Captioned web images:
════

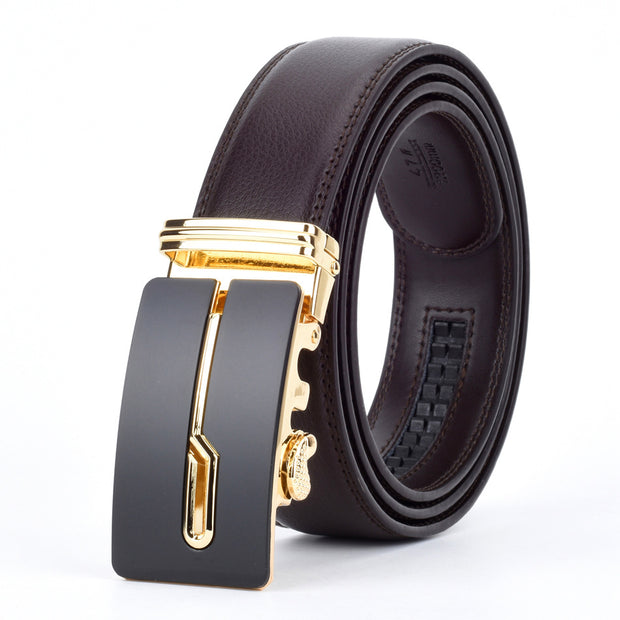 West Louis™ Designer Buckle Leather Belt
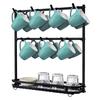 Elegant Countertops Coffee Cup Stand with 2 Tiers and 14 Hanging Hook for Mugs Kitchen or Teas/Coffee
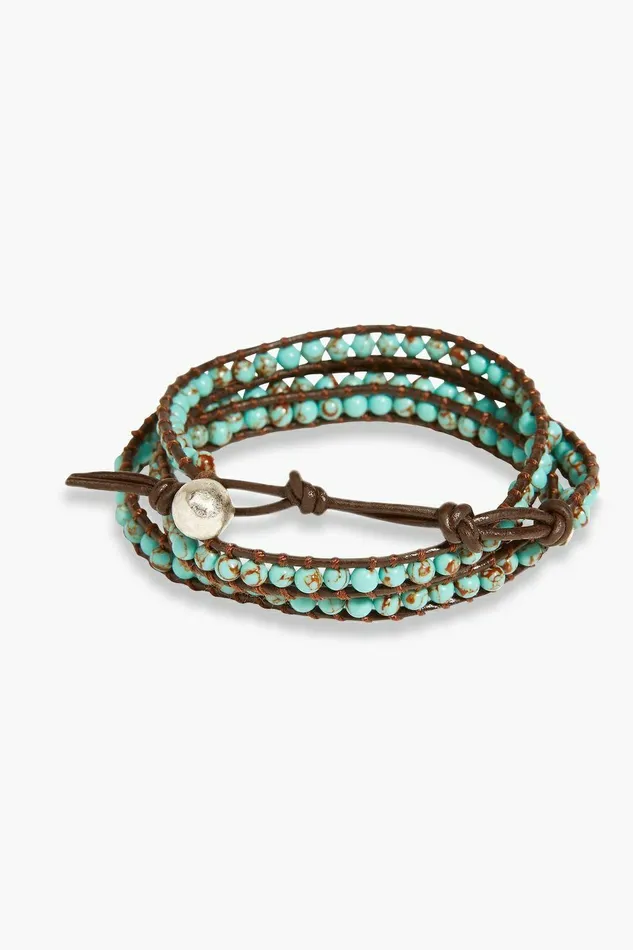 Lucky Brand Jewelry Turquoise Wrap Bracelet Medium Light Blue 8211 Women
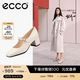 爱步（ECCO）玛丽珍鞋女鞋 倪妮同款高跟鞋浅口单鞋 型塑290963 石灰色29096301378 38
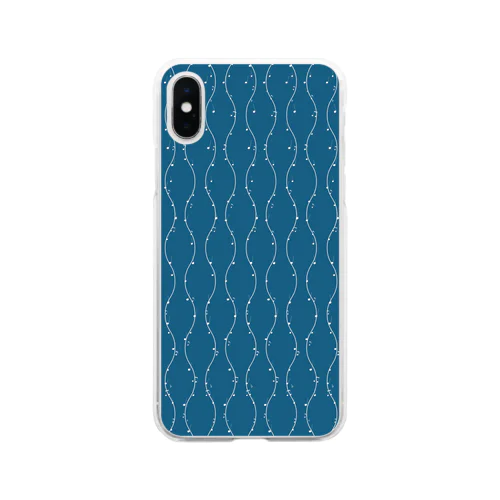 和音 立涌と音符（藍色） Soft Clear Smartphone Case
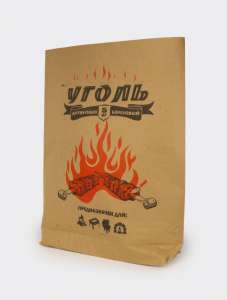 Пакет бумажный 66*49,5*10 "Уголь 5 кг" 1/50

════

WHAT THE EXERCISE ASKS – Only the lines from the one containing "Elegant Countertops Coffee" through the last line of the records above should be repeated, exactly and without pictures.

EXERCISE OUTPUT –
 Elegant Countertops Coffee Cup Stand with 2 Tiers and 14 Hanging Hook for Mugs Kitchen or Teas/Coffee
 Lucky Brand Jewelry Turquoise Wrap Bracelet Medium Light Blue 8211 Women
 爱步（ECCO）玛丽珍鞋女鞋 倪妮同款高跟鞋浅口单鞋 型塑290963 石灰色29096301378 38
 和音 立涌と音符（藍色） Soft Clear Smartphone Case
 Пакет бумажный 66*49,5*10 "Уголь 5 кг" 1/50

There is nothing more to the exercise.